Reputation: 147
I applied a linear regression on some features to predict the target with 10 folds cross validation.
MinMax scale was applied for both the features and the target.
Then the features standardized.
When I run the model, the r2 equal to 0.65 and MSE is 0.02.
But when I use the target as they are without MinMax scaling, I got r2 same but the MSE increase a lot to 18.
My question is, do we have to deal with targets as same we do with features in terms of data preprocessing? and which of the values above is correct? because the mse got quit bigger with out scaling the target.
Some people say we have to scale the targets too while others say no.
Thanks in advance.
Upvotes: 0
Views: 1716
Reputation: 598
Whether you scale your target or not will change the 'meaning' of your error. For example, consider 2 different targets, one ranged [0, 100] and another one [0, 10000]. If you run models against them (with no scaling), MSE of 20 would mean different things for the two models.
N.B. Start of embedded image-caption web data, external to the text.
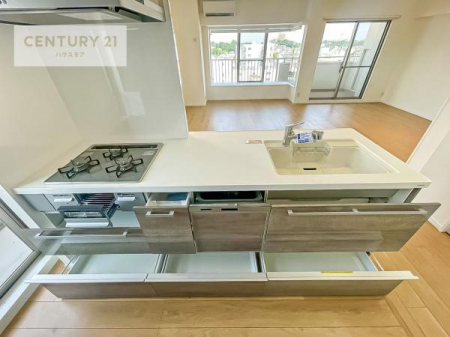 Lb`@[Xy[XLxŁAXy[XXbLƕЕtЂ`pł܂I
KɍƂł܂I̗܂I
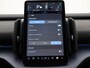 Volvo EX30 EXTENDED RANGE PLUS 19INCH HARMAN KARDON STOELVERWARMING CAMERA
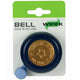 Widek b.v. widek stalen bel jeans blauw op kaart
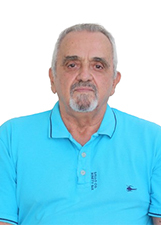 VANDERLEI DO ÔNIBUS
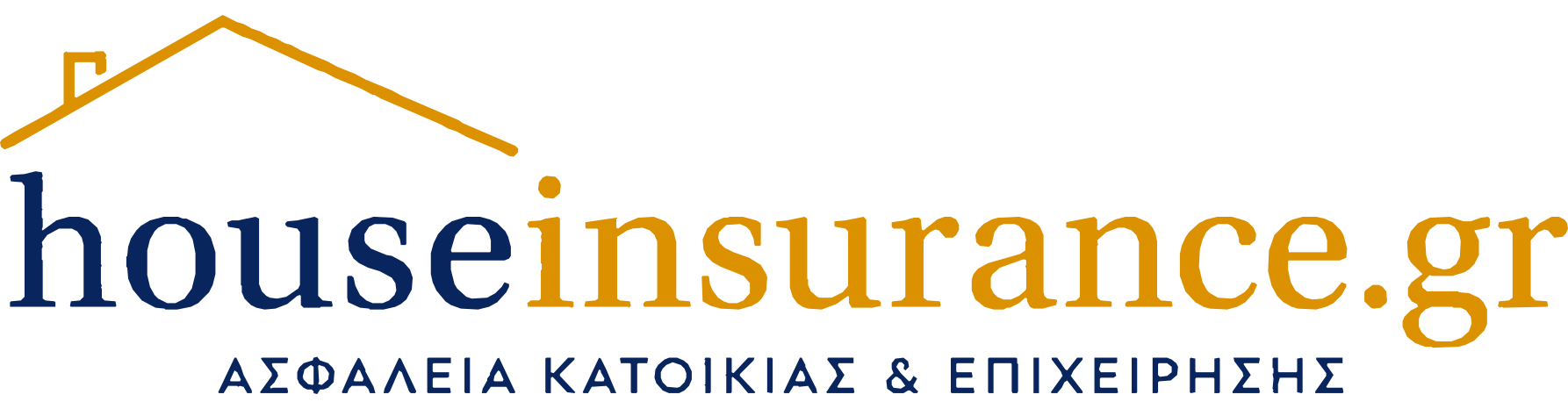 houseinsurance.gr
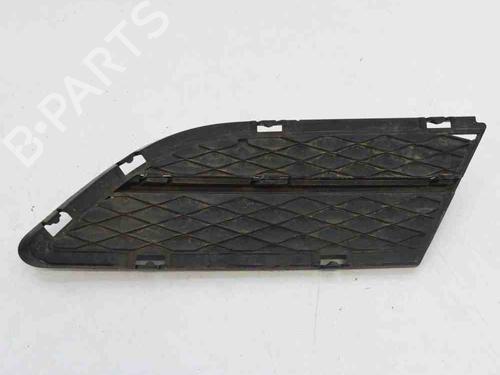 Grille BMW 3 (E90) 318 i | BP14607745C40 
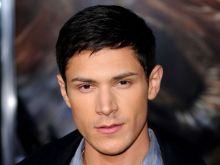 Alex Meraz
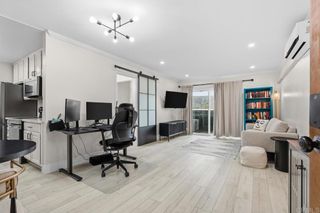 6725 Mission Gorge Rd 202B, San Diego, CA 92120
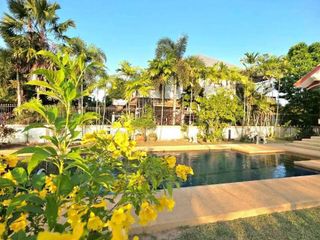 For sale 3 ベッドルーム villa in Bang Saray, Pattaya
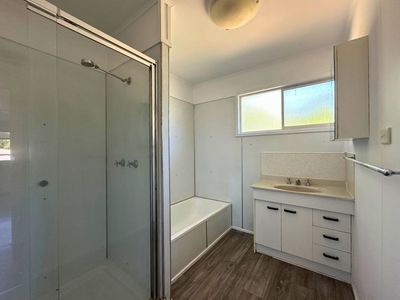 49 Leichhardt Drive, Moranbah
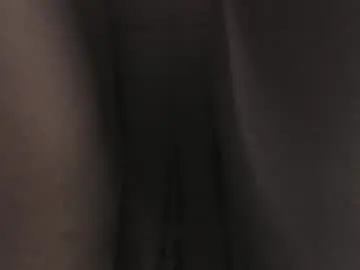 Chaturbate Sex Cam of courtney_luv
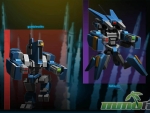 Planetary-Annihilation-skirmish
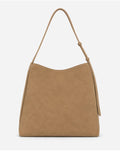 Emme Marella Borsa a Tracolla Emmeden Donna 2625516031200 Cammello - Beige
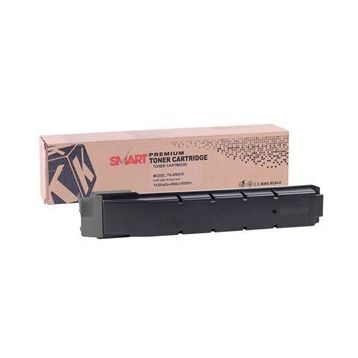 Kyocera Mita TK-8505 Siyah Muadil Toner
In the former case it will be disastrous, while in the latter case it will be pretty decent.
So the fact that you get lower MSE with target range [0, 1] than the original is not surprising.
At the same time, r2 value is independent of the range since it is calculated using variances.
Scaling allows you to compare model performance for different targets, among other things.
Also for some model types (like NNs) scaling would be more important.
Hope it helps!
Upvotes: 2